This is a good question, and it would be useful to be able to easily check, but in general C ++ solutions can actually support a combination of errors, verbosity, and obfuscation, which makes them more tedious than the problem of trying to solve. However - for the sake of discussion - there are several approaches to this ...
You can create a class that does not have a default constructor:
template <typename T> class Explicitly_Initialised { public: Explicitly_Initialised(const T& t) : t_(t) { } T& operator T() { return t_; } const T& operator T() const { return t_; } private: T t_; };
Or you may have a class that issues if the object is read before it is assigned a value (perhaps only in "debug" assemblies, if you have such a concept). You can decide if the value from operator= was ok. You will need a member bool has_been_initialised_; to track this parameter, set false in the default constructor. One of the problems would be that operator T() does not know if the variable should be read before it is written, so to do the thorough work, you may need a proxy object to manage this situation: painful.

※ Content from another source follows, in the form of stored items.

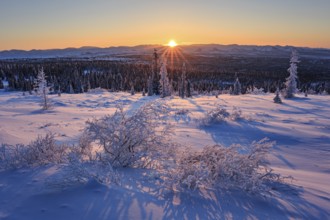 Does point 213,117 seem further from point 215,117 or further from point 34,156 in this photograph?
point 34,156

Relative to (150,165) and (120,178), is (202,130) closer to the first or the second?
(150,165)

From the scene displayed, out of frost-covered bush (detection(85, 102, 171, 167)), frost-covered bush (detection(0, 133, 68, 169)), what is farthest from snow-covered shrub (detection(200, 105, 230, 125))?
frost-covered bush (detection(0, 133, 68, 169))

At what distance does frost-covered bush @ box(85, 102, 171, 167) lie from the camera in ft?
16.7

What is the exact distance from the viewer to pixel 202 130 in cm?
1045

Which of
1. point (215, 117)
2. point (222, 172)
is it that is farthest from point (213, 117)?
point (222, 172)

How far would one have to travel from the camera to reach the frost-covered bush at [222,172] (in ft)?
13.4

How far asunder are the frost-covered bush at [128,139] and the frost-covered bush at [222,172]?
2.24ft

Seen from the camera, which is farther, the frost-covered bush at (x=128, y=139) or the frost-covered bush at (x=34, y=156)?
the frost-covered bush at (x=128, y=139)

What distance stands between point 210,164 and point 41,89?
1917 centimetres

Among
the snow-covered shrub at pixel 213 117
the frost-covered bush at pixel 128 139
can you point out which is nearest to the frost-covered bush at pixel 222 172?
the frost-covered bush at pixel 128 139

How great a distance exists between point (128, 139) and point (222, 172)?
1.63 m

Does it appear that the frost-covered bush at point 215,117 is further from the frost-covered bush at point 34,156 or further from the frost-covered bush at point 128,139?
the frost-covered bush at point 34,156

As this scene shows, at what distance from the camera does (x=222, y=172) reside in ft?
14.3

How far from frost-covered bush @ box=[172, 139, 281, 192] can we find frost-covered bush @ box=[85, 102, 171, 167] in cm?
68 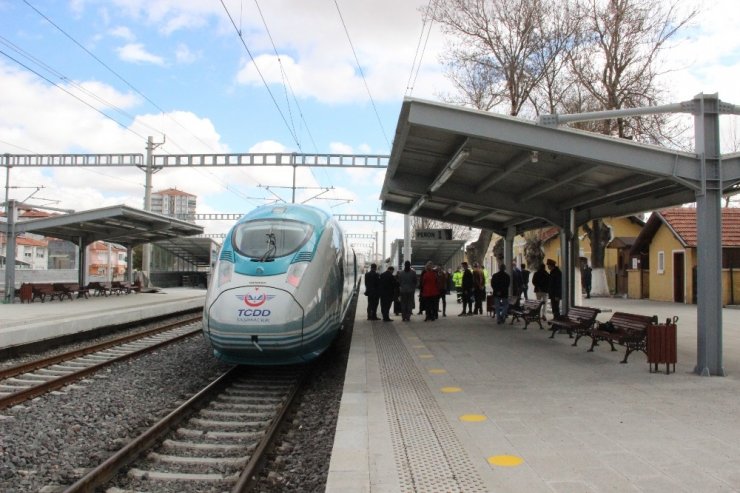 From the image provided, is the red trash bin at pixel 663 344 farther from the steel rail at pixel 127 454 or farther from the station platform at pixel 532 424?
the steel rail at pixel 127 454

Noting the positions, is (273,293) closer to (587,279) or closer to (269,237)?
(269,237)

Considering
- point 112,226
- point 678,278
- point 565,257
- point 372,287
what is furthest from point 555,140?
point 112,226

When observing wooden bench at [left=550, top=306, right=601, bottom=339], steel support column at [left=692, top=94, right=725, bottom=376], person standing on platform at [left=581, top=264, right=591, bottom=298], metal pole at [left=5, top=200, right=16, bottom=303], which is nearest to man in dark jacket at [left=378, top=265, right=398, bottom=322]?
wooden bench at [left=550, top=306, right=601, bottom=339]

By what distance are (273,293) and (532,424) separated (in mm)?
4000

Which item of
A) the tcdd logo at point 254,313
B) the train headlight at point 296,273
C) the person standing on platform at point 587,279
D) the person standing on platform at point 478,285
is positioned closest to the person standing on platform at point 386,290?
the person standing on platform at point 478,285

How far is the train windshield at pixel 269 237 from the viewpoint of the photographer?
9516 millimetres

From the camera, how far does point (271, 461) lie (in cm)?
576

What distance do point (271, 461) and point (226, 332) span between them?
10.00ft

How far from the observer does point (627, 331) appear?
10117 millimetres

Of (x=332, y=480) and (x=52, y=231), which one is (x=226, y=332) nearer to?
(x=332, y=480)

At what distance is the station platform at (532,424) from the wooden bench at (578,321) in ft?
1.78

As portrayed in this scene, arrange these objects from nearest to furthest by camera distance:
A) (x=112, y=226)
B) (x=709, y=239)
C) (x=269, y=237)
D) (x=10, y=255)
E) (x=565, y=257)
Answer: (x=709, y=239) → (x=269, y=237) → (x=565, y=257) → (x=10, y=255) → (x=112, y=226)

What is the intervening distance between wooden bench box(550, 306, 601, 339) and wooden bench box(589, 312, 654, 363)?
0.37m

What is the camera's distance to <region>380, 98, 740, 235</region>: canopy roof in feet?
29.3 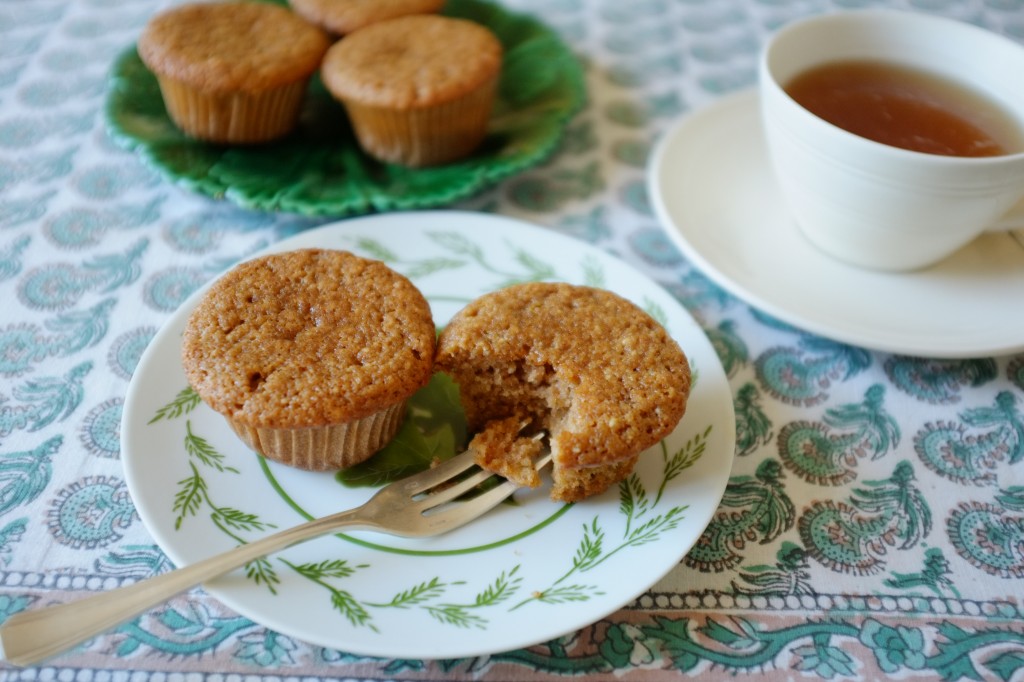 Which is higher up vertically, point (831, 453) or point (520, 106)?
point (520, 106)

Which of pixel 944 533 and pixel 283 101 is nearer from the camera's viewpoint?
pixel 944 533

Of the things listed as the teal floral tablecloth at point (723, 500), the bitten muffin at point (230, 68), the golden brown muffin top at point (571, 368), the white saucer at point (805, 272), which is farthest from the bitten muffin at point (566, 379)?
the bitten muffin at point (230, 68)

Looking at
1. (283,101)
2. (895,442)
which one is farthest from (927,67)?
(283,101)

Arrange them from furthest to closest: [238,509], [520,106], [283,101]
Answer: [520,106], [283,101], [238,509]

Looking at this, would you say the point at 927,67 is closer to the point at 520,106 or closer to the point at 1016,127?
the point at 1016,127

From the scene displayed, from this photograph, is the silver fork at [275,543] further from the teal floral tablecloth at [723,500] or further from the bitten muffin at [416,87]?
the bitten muffin at [416,87]

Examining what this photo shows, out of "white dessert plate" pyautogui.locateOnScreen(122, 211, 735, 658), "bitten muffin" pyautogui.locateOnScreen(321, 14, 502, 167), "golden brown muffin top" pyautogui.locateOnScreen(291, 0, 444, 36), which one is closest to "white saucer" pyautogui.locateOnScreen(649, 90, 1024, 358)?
"white dessert plate" pyautogui.locateOnScreen(122, 211, 735, 658)

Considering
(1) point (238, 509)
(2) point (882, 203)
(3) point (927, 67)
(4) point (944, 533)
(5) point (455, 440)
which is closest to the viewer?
(1) point (238, 509)

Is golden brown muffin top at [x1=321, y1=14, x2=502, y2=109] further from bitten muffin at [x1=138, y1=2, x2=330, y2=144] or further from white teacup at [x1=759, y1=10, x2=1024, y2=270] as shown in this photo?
white teacup at [x1=759, y1=10, x2=1024, y2=270] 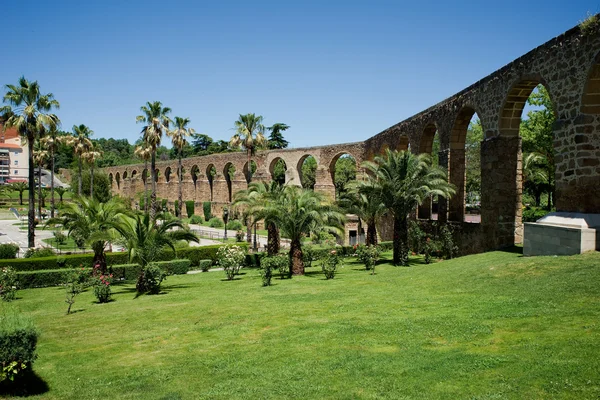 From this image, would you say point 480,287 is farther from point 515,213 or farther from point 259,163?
point 259,163

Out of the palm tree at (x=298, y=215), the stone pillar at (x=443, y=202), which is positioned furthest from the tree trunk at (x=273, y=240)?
the stone pillar at (x=443, y=202)

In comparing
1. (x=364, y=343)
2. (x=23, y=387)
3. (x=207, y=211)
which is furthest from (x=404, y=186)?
(x=207, y=211)

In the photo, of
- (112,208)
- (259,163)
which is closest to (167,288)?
(112,208)

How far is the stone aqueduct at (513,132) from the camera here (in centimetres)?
1055

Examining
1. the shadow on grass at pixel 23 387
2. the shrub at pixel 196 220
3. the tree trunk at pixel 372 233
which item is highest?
the tree trunk at pixel 372 233

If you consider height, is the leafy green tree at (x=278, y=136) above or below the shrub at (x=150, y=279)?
above

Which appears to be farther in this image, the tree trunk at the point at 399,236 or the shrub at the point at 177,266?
the shrub at the point at 177,266

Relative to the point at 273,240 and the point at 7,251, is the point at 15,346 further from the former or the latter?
the point at 7,251

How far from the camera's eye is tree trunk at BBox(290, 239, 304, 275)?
55.7 feet

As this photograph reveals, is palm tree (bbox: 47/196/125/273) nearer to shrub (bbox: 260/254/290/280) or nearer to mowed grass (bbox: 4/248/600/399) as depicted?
shrub (bbox: 260/254/290/280)

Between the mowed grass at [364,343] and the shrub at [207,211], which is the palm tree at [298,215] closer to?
the mowed grass at [364,343]

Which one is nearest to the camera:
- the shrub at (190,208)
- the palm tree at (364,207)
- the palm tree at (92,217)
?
the palm tree at (92,217)

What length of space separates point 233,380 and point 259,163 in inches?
1488

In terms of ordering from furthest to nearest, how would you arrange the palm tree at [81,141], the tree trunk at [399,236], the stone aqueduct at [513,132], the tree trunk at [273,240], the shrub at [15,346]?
the palm tree at [81,141]
the tree trunk at [273,240]
the tree trunk at [399,236]
the stone aqueduct at [513,132]
the shrub at [15,346] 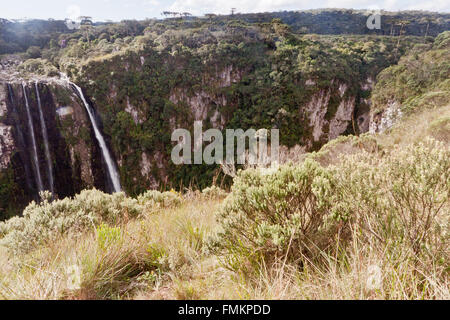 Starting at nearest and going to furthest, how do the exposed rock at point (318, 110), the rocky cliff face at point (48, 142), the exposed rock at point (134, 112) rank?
the rocky cliff face at point (48, 142)
the exposed rock at point (134, 112)
the exposed rock at point (318, 110)

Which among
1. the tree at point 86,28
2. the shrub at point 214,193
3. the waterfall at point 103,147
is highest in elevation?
the tree at point 86,28

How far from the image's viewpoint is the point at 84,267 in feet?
5.28

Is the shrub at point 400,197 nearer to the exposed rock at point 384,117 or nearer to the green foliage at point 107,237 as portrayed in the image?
the green foliage at point 107,237

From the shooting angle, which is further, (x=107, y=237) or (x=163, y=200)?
(x=163, y=200)

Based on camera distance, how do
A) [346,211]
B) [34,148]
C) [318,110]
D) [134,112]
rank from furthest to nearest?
1. [318,110]
2. [134,112]
3. [34,148]
4. [346,211]

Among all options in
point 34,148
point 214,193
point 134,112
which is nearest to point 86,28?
point 134,112

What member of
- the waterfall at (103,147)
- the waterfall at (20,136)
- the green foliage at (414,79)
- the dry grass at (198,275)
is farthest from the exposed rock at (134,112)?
the dry grass at (198,275)

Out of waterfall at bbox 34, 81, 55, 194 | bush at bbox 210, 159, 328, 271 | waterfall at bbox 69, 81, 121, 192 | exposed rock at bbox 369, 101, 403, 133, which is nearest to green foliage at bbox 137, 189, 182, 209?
bush at bbox 210, 159, 328, 271

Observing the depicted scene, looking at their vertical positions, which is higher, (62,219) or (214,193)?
(62,219)

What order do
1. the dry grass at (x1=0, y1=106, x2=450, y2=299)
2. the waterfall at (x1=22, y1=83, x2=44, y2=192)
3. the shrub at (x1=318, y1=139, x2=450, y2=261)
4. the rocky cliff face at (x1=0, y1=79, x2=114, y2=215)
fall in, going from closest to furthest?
the dry grass at (x1=0, y1=106, x2=450, y2=299)
the shrub at (x1=318, y1=139, x2=450, y2=261)
the rocky cliff face at (x1=0, y1=79, x2=114, y2=215)
the waterfall at (x1=22, y1=83, x2=44, y2=192)

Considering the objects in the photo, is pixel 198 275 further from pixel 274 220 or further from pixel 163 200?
pixel 163 200

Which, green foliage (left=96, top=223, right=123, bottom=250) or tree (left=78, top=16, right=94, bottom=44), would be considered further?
tree (left=78, top=16, right=94, bottom=44)

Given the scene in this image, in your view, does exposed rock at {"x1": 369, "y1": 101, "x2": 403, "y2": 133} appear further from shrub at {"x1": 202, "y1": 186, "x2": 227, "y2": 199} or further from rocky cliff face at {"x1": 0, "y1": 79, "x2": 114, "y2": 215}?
rocky cliff face at {"x1": 0, "y1": 79, "x2": 114, "y2": 215}

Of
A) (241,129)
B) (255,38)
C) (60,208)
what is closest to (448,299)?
(60,208) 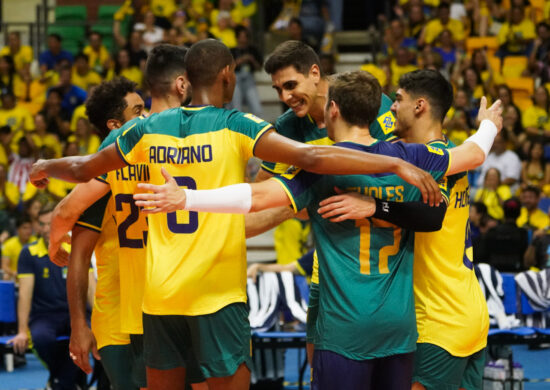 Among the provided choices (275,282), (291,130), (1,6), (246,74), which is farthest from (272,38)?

Alternatively, and too messy to actually recommend — you could hack a class that accepted a list of types, had a member object for each of these types, and insisted on matching the list in the constructor; it would be difficult to allow this generic class to accept ordinary arbitrary identifiers for accessing data members (it is easy to allow numerical access or even access to a type if the types were unique) (perhaps you could make it work with macro hackers).